Znajdował się w nieistniejącym obecnie drewnianym budynku zlikwidowanej przez Niemców gralewskiej szkoły powszechnej, który ogrodzono drutem kolczastym rozmieszczonym w trzech rzędach. Osadzeni przebywali na parterze, straż na piętrze[1]. Zwykle więźniami obozu było około 150[4] (120[3])-200[3][4] osób (Polaków i Żydów[1][3]), natomiast łącznie przez obóz przewinęło się około 5000 ludzi, z których część została rozstrzelana. W sporządzonym 12 października 1945 kwestionariuszu dla Sądu grodzkiego w Płońsku wójt gminy Strożęcin, Mieczysław Nowakowski, wskazał, że w obozie zmarło ośmiu osadzonych[4]. Więźniowie byli zatrudnieni przy budowie drogi z Lutomierzyna do Raciąża. Zamordowanych lub zmarłych z wyczerpania, jak również z powodu obecnych w obozie chorób zakaźnych grzebano tak wewnątrz, jak i na zewnątrz (początkowo na lokalnym cmentarzu, potem, od czasu rządów komendanta Maja, w obozie[1]). Po likwidacji obozu (grudzień[1] 1943[1][2][3]) część osób zwolniono, a część przewieziono do niemieckich obozów w innych miejscach[3].
Komendanci i strażnicy
edytujPierwszym komendantem był Gustaw Scheibel (volksdeutsch z Pluskocina). Drugim, od lutego do około 20 września 1941, był nieznany z imienia Maj. Trzecim i ostatnim mianowano Ferdynanda Reinerta, kolejnego volksdeutscha, tym razem wywodzącego się z Mystkowa. Znane są też nazwiska obozowych strażników: Alfred Reinert, Telker, bracia Kellbertz i Bobkowski (oprócz Reinerta z Łaszewa), Bergau (Raciąż), Otto Liick, Adolf Gimpel (Dzierżążnia), Edward Kowalewski (Płońsk), Strelau (Siemiątkowao Koziebrodzkie), Steinegel (Brzeźce), Maletz, Wagner, Radtke (Mystkowo), Hartwig, Muller, Koper, Hinz oraz Lidtke. Wszyscy oni byli volksdeutschami lub kolonistami niemieckimi[1].
Warunki
edytujWarunki obozowe były złe. Regulaminu nie podawano do wiadomości osadzonych, a wpajano go biciem i szykanami w trakcie pobytu. Stosowano ścieżki zdrowia wokół budynku, kopniaki, bicie kijami i kolbami karabinowymi. W wyniku tego więźniowie byli posiniaczeni, istniały przypadki gnicia i ropienia głębokich ran, odchodzenia ciała od kości. Panował ponadto głód. Na racje żywnościowe składały się: śniadanie i kolacja (pół kilograma chleba) oraz obiad (miska "zupy" z wody i płatków ziemniaków, brukwi oraz buraków pastewnych). Więźniowie byli nielegalnie dokarmiani przez miejscową ludność w drodze do i z pracy. Podczas tych przemarszów osoby nienadążające były bite kijami i szczute psami. Więźniowie spali na słomianych barłogach, jednak również w nocy dochodziło do szykan i bicia, np. na wartowni[1].
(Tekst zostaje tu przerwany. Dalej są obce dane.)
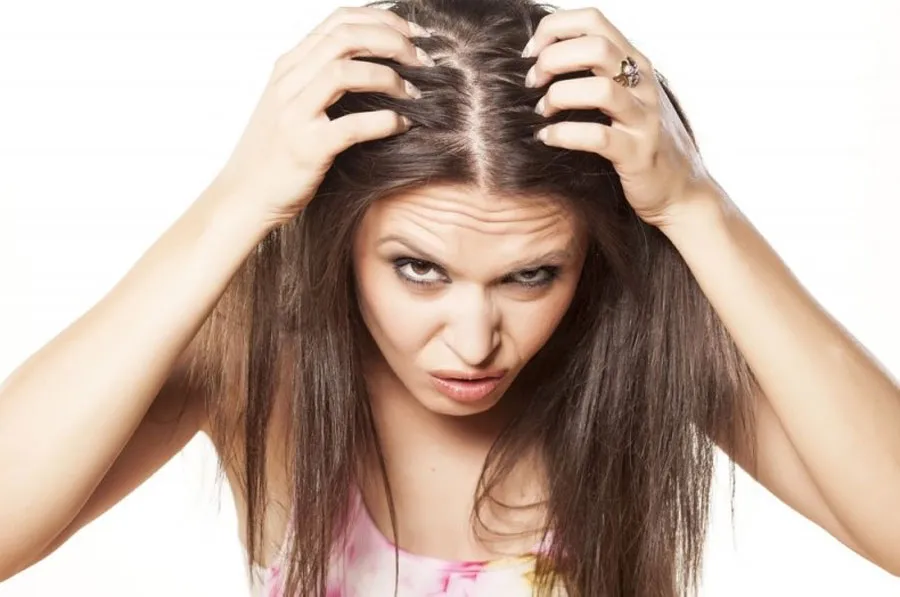 Top 10 cách trị ngứa da đầu tận gốc nhanh chóng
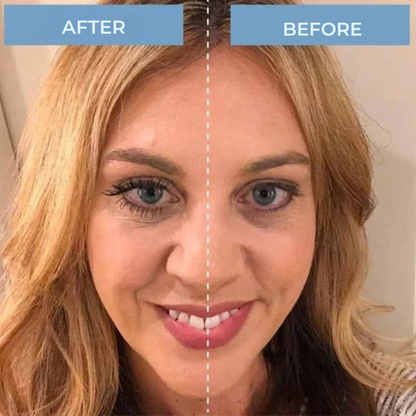 LashRise™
Były przypadki mordowania ludzi zaraz po przybyciu do obozu. Taki los spotkał m.in. Stanisława Krysiewicza, który został aresztowany 22 sierpnia 1941 w Dzierżążni i przywieziony do Gralewa bez oka, które wybił mu batem konwojent, strażnik Lidtke. Na placu obozowym był długotrwale bity pasami rzemiennymi i gryziony przez psy. Mimo tego nadal żył i leżał nieprzytomny przez kilka godzin. Niemcy nakazali ostatecznie czterem Żydom napełnić pojemnik do noszenia wapna odchodami z latryny i wylać je na Krysiewicza, który wkrótce zmarł (zwłoki zakopano przy ustępach)[1].
Stosowano odpowiedzialność zbiorową. Świadkowie zrelacjonowali m.in. przypadek, w którym Niemcy oskarżyli więźniów o organizację ucieczki. Karą za to domniemanie był apel, podczas którego wybrano dziesięć osób i ukarano w obecności pozostałych. Kładziono ich na stołkach, jeden z Niemców siadał na głowie karanego, a pozostali smagali go 60-80 razy rzemiennymi biczami. Bestialstwo to powtarzali przez kilkanaście dni[1].
Praca Polaków polegała na kruszeniu głazów na tłuczeń, zaś Żydów zatrudniano jako siłę pociągową. Podczas pracy stosowano ciągłe obelgi i bicie, np. Tadeusz Ritter, nie mogąc rozkruszyć dużych rozmiarów głazu młotem, został niezwykle okrutnie skatowany przez Niemców (Strelau, Bergau i Talker) bykowcami oraz kolbami, m.in. połamano mu obie ręce i nogi. W sali szkolnej po kilku godzinach stracił przytomność. Opuchniętego i sczerniałego więźnia wydano żonie w stanie agonalnym (został przywieziony na furze ociekającej krwią i wkrótce zmarł)[1].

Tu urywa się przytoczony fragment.